The LORD works righteousness
and justice for all the oppressed.
He made known his ways to Moses,
his deeds to the people of Israel:
The LORD is compassionate and gracious,
slow to anger, abounding in love.
He will not always accuse,
nor will he harbor his anger forever;
he does not treat us as our sins deserve
or repay us according to our iniquities.
For as high as the heavens are above the earth,
so great is his love for those who fear him;
as far as the east is from the west,
so far has he removed our transgressions from us.
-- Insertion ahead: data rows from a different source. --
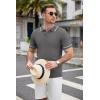 COOFANDY Men’s Knit Polo Shirts Casual Short Sleeve Button Down Shirts Crochet Classic Golf Polo Collared Shirts(Dark Grey)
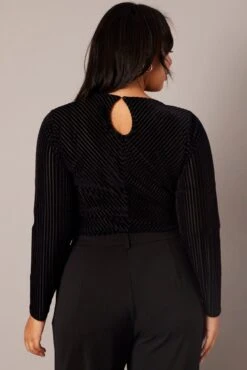 Black Bodysuit Long Sleeve Crew Neck Stripe -You And All Fashion Store cjc2120 84j black 5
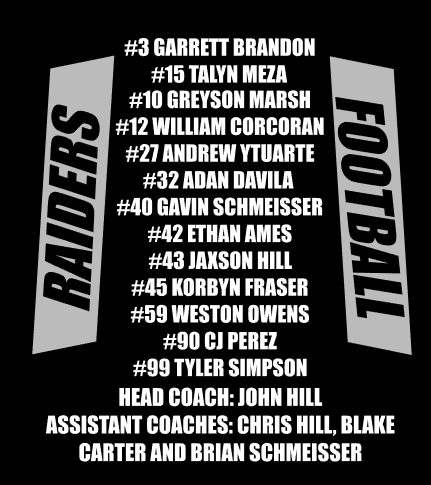 Raiders Football 2022 Roster - Brandon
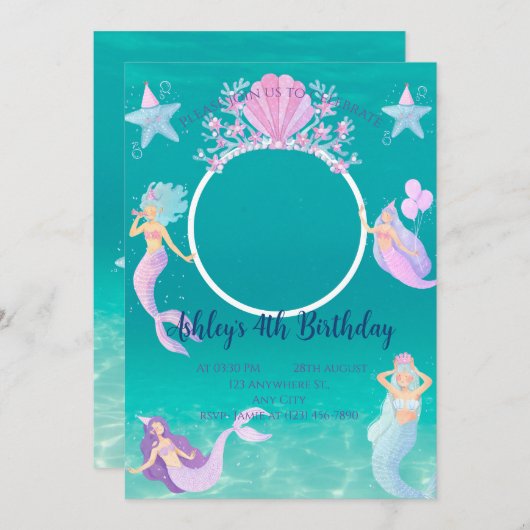 Meerjungfrau unter dem Meeresfarben Kinder Party Einladung (Vorne/Hinten)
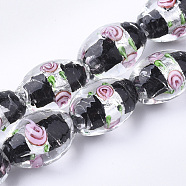 Handmade Silver Foil Glass Lampwork Beads, Oval with Flower, Black, 16~17x9~11mm, Hole: 1.5~2mm(X-LAMP-Q030-02A)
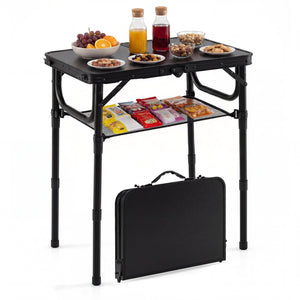 3-Height Folding Camping Table with Large Storage Net & Handle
As a father has compassion on his children,
so the LORD has compassion on those who fear him;
for he knows how we are formed,
he remembers that we are dust.
As for man, his days are like grass,
he flourishes like a flower of the field;
the wind blows over it and it is gone,
and its place remembers it no more.
But from everlasting to everlasting
the LORD's love is with those who fear him,
and his righteousness with their children's children-
with those who keep his covenant
and remember to obey his precepts.
The LORD has established his throne in heaven,
and his kingdom rules over all.
Praise the LORD, you his angels,
you mighty ones who do his bidding,
who obey his word.
Praise the LORD, all his heavenly hosts,
you his servants who do his will.
Praise the LORD, all his works
everywhere in his dominion.
Praise the LORD, O my soul.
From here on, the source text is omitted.